The crowds are dependably engaged with the sound  or the message either way. And if something onstage gets damaged, the band is prepared to deal with it. "We're on our third version of our banner," he says. "If it gets destroyed, we'll make another one." Dawn Ray'd's music and personal philosophies have been intertwined from day one — even their name was inspired by the works of the American anarchist poet Voltairine de Cleyre. "From the start, we had a rough outline of what we wanted this band to be," says Simon B. "It was always going to be political because that's who we are as people. It takes time to work things out, and what direction you want to go in. Black metal is a very broad genre."

It was with that ambitious mindset that Dawn Ray'd entered Vagrant Recordings in Southport, England, to record The Unlawful Assembly, the follow-up to their 2015 introductory EP. Opening track "Fire Sermon" begins with waves of harmonium and feedback, then shifts into a frantic piston-like tempo and stormy guitar riff, as an enraged Simon B. growls of revolution and inhuman bondage: "It's time to empty the cells/They must be told they were never forgotten/That their suffering will not be forgiven." There are also melodic passages on violin here and on "The Abyssal Plain," colliding ancient and modern, like a sea shanty on hyper-drive. The singer takes special care in his lyric writing, and works to make his vocals as clear as possible while singing "as harsh and as inhuman as you can get." His personal favorite track on the album is "Emptiness Beneath the Great Emptiness," a raging anti-religious screed inspired by abuses within the Catholic Church. At shows, fans roar along to the lyric: "Let the fires burn as a signal!"

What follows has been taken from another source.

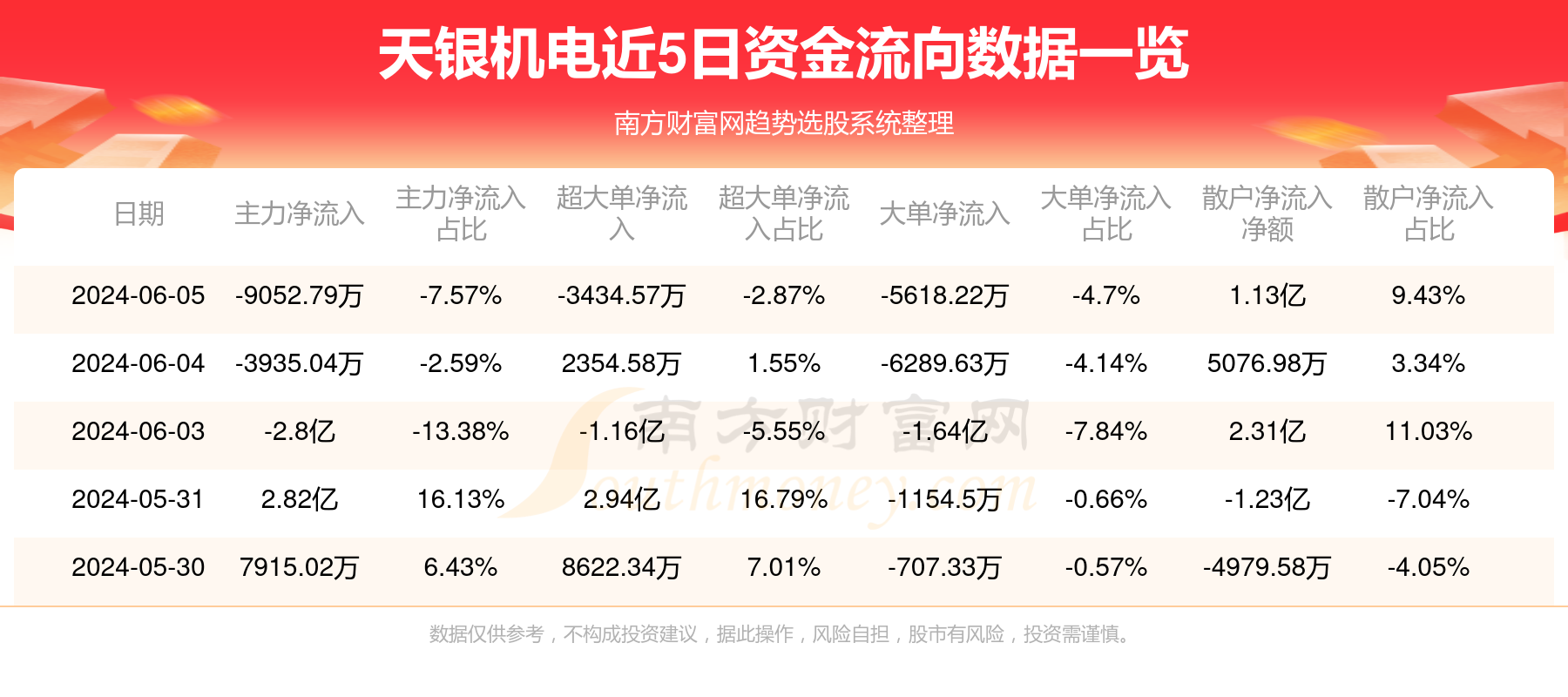 二四六天好彩944cc246天好资料,持久性策略解析_银版71.376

"The way the world is going, you have to be aware of what's going on around you," says Simon B. of his lyrics. "We live in a very working-class city. I live in a very multicultural neighborhood. These issues are very apparent to me every day. I'm also touring, and having to travel across borders, past refugee camps. These aren't abstract concepts or intellectual games. They're very real issues that involve real people."